Testing preserves for pectin may be done after the strained fruit juice has boiled from ten to twenty minutes— grape and currant juices require less boiling than larger fruits. Add one teaspoonful of alcohol to one teaspoonful of juice. If a mass is formed which may be gathered out of this mixture, the juice contains sufficient pectin to form a jelly. If not, more boiling is required to extract it, when the juice should be tested again.
Commercial pectin is the same principle which may be extracted by proper selection, preparation and boiling of the fruit to be preserved. It requires far more sugar than the natural pectin recipes.
The usual proportion of sugar to juice is three-quarters of a cup to one cup of juice. When the juice is very acid as from tart or unripe grapes or bitter oranges, one cup to one cup is recommended. It is only after the juice has been found to contain sufficient pectin by test, that the sugar may be added. It is then stirred until dissolved and heated to boiling. The best time limits for boiling have been found to be eight to ten minutes for acid fruit with high pectin content, and about fifteen to twenty minutes for less acid fruits, as apples. Too long cooking makes jelly strong and tough. Syrup may be tested as to its readiness for bottling, by placing a drop on a cold plate. If it holds its shape, it is ready for bottling.
The explanation of the addition of lemon to so many preserves, is not only that it adds piquancy to the flavor, but when introduced into the juice just before removing from the fire, it acts as a clarifying agent.
In the preparation of marmalade, the seeds of the citrous fruits sometimes are used. They are separated from the rinds and juice and allowed to soak in a cup of water over night. In the morning their water is added to the rind and juice, and they are tied in a bag and allowed to boil in the marmalade mixture for the first hour. They add the subtle and delicious bitter flavor so often preferred.

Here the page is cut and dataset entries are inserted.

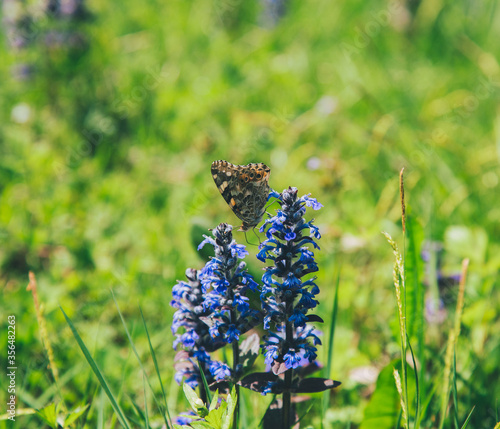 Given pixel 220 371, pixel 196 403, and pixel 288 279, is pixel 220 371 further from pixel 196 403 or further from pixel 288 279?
pixel 288 279

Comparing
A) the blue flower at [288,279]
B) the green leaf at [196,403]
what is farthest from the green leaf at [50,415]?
the blue flower at [288,279]

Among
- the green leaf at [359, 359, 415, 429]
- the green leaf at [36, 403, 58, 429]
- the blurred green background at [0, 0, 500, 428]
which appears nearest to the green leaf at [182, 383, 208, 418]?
the green leaf at [36, 403, 58, 429]

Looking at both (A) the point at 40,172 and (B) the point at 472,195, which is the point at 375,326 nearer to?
(B) the point at 472,195

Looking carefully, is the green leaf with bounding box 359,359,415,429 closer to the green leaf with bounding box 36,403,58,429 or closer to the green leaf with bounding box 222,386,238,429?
the green leaf with bounding box 222,386,238,429

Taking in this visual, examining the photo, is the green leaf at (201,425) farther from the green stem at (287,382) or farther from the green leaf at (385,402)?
the green leaf at (385,402)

Plain grape juice is made in the same manner as jelly, save that the proportion of sugar is much less—as ten pounds of grapes to three of sugar, or in quantitative measure, three and one-third of grapes to one of sugar.
Sanitation and Drainage
IN a school which is designed primarily to serve girls from the farm, matters of sanitation and drainage, naturally, are given an important place in the curriculum. At Guelph, the course in sanitation includes a thorough study of modern methods of drainage and filtration. The lectures are given in the Physics Building of the Institute.
Professor R. R. Graham, associate in physics, declares that a complete system of plumbing costs about $275.00 when good quality fixtures are used and a trained mechanic installs it. If cheaper material be used and home labor be engaged, the cost could be considerably lowered. But there are many improvements which safeguard health, which it is possible for thousands to install. With a practical working knowledge of the principles of farm water supply, water systems, equipment and sewage disposal, few indeed but can make improvements of a most beneficial nature. It is as important that the women of the modern farm should know these as the man.
An Easily Made Filter
ONE most useful and easily constructed filter for the catching of rain water, has been worked out. Upon any sort of raised wooden base is set a barrel. At the bottom is laid a six-inch layer of coarse gravel. Into this is thrust a spigot, screened from the gravel on the inside. Over it is laid a perforated board. From this point lip, each separated by perforated boards, are laid layers of three inches of pea-size charcoal; six inches of fine sharp sand; three inches of charcoal, pea size; nine inches of fine sharp sand, and perforated wood cover. This barrel, or two of them, may be located anywhere that is convenient for pouring water through or catching for filtration, in the kitchen, basement, or merely below the rain spout.
A complete brochure on ‘The Farm Water Supply and Sewage Disposal’ prepared by Professor Graham may be obtained by writing to the Ontario Agricultural College at Guelph.